Compute with common denominator 60:

\frac{1}{d_i} = \frac{5}{60} - \frac{2}{60} = \frac{3}{60} = \frac{1}{20}

So:

d_i = 20 \text{ cm}

Because d_i is positive, the image is real and on the opposite side of the lens.

Now magnification:

m = -\frac{d_i}{d_o} = -\frac{20}{30} = -\frac{2}{3}

Interpretation:

  • Negative m: image is inverted.
  • Magnitude \frac{2}{3}: image is reduced to two-thirds the object’s height.

This also matches the qualitative case: since d_o = 30 \text{ cm} and 2f = 24 \text{ cm}, the object is beyond 2f, so the image should be between f and 2f (between 12 cm and 24 cm). We found 20 cm, which is consistent.

Worked example 4: diverging lens forming a virtual image

A diverging lens has focal length f = -15 \text{ cm}. A real object is d_o = 25 \text{ cm} from the lens. Find d_i and state whether the image is real or virtual.

Thin lens equation:

\frac{1}{f} = \frac{1}{d_o} + \frac{1}{d_i}

Substitute:

\frac{1}{-15} = \frac{1}{25} + \frac{1}{d_i}

Solve for \frac{1}{d_i}:

\frac{1}{d_i} = \frac{1}{-15} - \frac{1}{25}

Common denominator 75:

\frac{1}{d_i} = -\frac{5}{75} - \frac{3}{75} = -\frac{8}{75}

So:

d_i = -\frac{75}{8} \text{ cm} \approx -9.38 \text{ cm}

The negative d_i tells you the image is virtual and located on the same side of the lens as the object.

If you compute magnification:

m = -\frac{d_i}{d_o} = -\frac{-9.38}{25} \approx 0.375

Positive magnification means upright, and the magnitude less than 1 means reduced—exactly what you expect for a diverging lens.

How refraction connects directly to lens behavior

A lens forms images because each curved surface refracts rays according to Snell’s Law. In a converging lens, the geometry causes rays to bend toward the axis overall; in a diverging lens, the geometry causes rays to bend away overall. Even though AP problems usually let you start with the thin lens equation, it’s valuable to remember that the equation is a shortcut built on refraction.

That connection also explains why lenses have focal lengths that depend on both the lens shape and the refractive index of the material (and why the same lens behaves slightly differently in air vs in water).
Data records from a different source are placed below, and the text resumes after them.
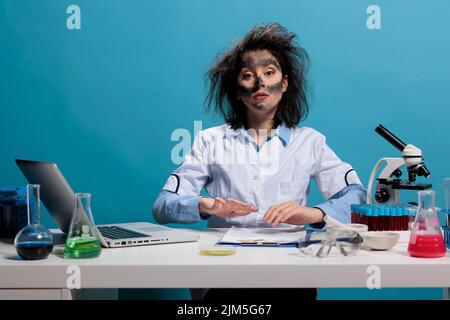 MAD scienziato guardare seduto alla scrivania in laboratorio con capelli disordinati e volto sporco dopo esperimento chimico fallito. Maniaco goofy chemist con aspetto esploso e fumetto guardando la fotocamera. Foto Stock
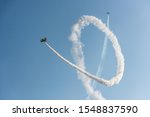 Airplanes on airshow. Aerobatic team performs flight at air show
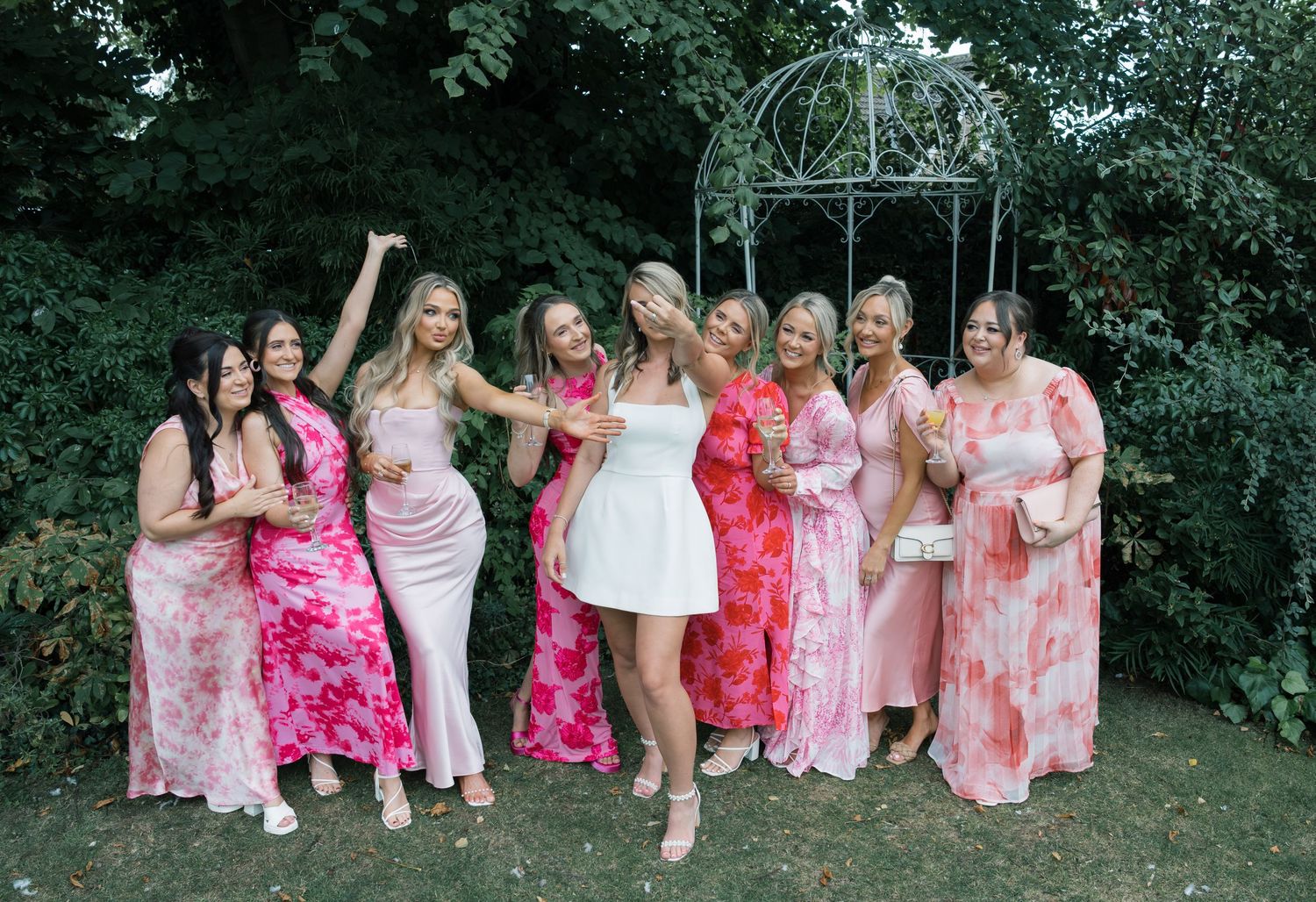 A group wearing pink and coral dresses poses together outdoors during a special celebration event.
You typically won’t need a full lensmaker calculation in this scope, but the qualitative dependency is fair game.

Exam Focus
  • Typical question patterns:
    • Use \frac{1}{f} = \frac{1}{d_o} + \frac{1}{d_i} to compute image location, then use the sign of d_i to decide real vs virtual.
    • Compute magnification with m = -\frac{d_i}{d_o} and interpret sign (upright vs inverted) and magnitude (size change).
    • Ray-diagram reasoning questions: given an object location relative to f and 2f for a converging lens, predict image type, orientation, and approximate location.
  • Common mistakes:
    • Forgetting that diverging lenses have negative f, leading to incorrect image type.
    • Treating a negative d_i as an “error” instead of identifying it as a virtual image.
    • Mixing up orientation rules: use the sign of m rather than memorized statements detached from the geometry.